Editor's note: This article and accompanying headline have been revised to correct and clarify inaccuracies.
A state appeals panel will let stand a Cook County judge’s decision to enforce a $25 million settlement deal between boatmaker Brunswick and a New Lenox man who claimed the company should be held accountable for an accident that left him paralyzed, even though a court clerk allegedly passed on information concerning jury deliberations to his lawyer, which the boatmaker has alleged gave him an edge in the talks moments before the jury was set to render a verdict in favor of the defendants.
On Nov. 27, a three-justice panel of the Illinois First District Appellate Court sided with plaintiffs Scot and Patricia Vandenberg in the dispute over the big money settlement, which has remained embroiled in controversy and disputed in the courts since days after it was entered in Cook County court two years ago.

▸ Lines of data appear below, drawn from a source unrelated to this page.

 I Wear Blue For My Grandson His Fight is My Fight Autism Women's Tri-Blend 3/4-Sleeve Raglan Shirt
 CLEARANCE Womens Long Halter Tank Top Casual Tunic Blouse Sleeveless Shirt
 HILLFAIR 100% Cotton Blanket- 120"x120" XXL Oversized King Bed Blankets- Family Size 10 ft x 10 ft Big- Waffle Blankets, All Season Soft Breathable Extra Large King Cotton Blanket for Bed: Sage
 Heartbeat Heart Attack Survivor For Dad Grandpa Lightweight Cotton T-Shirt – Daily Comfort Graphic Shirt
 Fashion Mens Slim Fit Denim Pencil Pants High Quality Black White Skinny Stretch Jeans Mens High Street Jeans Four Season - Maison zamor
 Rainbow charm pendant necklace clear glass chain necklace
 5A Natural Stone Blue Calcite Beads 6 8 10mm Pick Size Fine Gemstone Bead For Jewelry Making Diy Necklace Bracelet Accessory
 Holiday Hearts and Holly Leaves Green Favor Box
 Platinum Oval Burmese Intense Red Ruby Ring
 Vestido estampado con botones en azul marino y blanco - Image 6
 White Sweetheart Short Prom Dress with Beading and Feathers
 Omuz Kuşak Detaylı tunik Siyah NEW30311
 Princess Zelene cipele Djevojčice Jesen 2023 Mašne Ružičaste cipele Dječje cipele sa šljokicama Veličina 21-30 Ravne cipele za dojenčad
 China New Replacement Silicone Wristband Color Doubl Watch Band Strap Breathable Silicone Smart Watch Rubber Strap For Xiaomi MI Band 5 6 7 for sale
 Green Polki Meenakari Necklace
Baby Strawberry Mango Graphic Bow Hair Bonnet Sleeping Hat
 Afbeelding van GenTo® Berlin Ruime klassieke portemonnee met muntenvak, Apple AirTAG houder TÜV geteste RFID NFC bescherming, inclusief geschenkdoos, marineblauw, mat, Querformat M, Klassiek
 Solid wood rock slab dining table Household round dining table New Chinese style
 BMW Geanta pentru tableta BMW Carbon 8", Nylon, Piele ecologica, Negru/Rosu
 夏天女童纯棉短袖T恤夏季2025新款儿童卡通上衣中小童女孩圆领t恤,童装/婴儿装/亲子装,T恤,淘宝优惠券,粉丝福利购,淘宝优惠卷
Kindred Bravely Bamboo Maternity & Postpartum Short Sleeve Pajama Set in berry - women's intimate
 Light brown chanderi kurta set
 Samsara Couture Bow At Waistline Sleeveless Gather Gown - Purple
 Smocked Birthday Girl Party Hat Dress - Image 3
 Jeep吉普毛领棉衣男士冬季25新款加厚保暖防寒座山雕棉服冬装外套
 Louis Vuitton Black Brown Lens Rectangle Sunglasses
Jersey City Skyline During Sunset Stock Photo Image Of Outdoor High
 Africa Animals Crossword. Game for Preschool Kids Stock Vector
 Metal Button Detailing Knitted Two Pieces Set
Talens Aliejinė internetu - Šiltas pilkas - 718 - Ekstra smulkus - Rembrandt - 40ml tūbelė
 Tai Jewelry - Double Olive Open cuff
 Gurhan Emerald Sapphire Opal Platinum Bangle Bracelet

“We emphasize that our determination does not mean we in any way condone inappropriate conduct by lawyers or court clerks, as avenues do exist to address violations,” the justices wrote in the opinion. “We determine only that the recourse Brunswick seeks in this appeal is not supported by the law.”
The opinion was authored by Justice Sheldon A. Harris, with justices Mary L. Mikva and John B. Simon concurring.
The decision centered on events that transpired rapidly during the waning minutes of jury deliberations on June 9, 2015, the final day of the trial over Vandenberg’s allegations.
The Vandenbergs had filed suit in 2010, about a year after Scot Vandenberg had fallen from the rear top deck of a Hatteras yacht, made by Brunswick, sustaining injuries that left him paralyzed from the neck down, according to court documents.
The Vandenbergs retained attorney Mark McNabola and his firm, the McNabola Law Group, to represent them in their personal injury liability lawsuit over the incident, naming as defendants both Brunswick and yacht charter operation, RQM LLC.
The Vandendbergs settled with RQM in 2012 for $2.3 million, but went to trial against Brunswick.
While the jury was deliberating, Brunswick offered the Vandenbergs $25 million to settle the case. They accepted the settlement offer, and the case was dismissed before the jury could return its verdict.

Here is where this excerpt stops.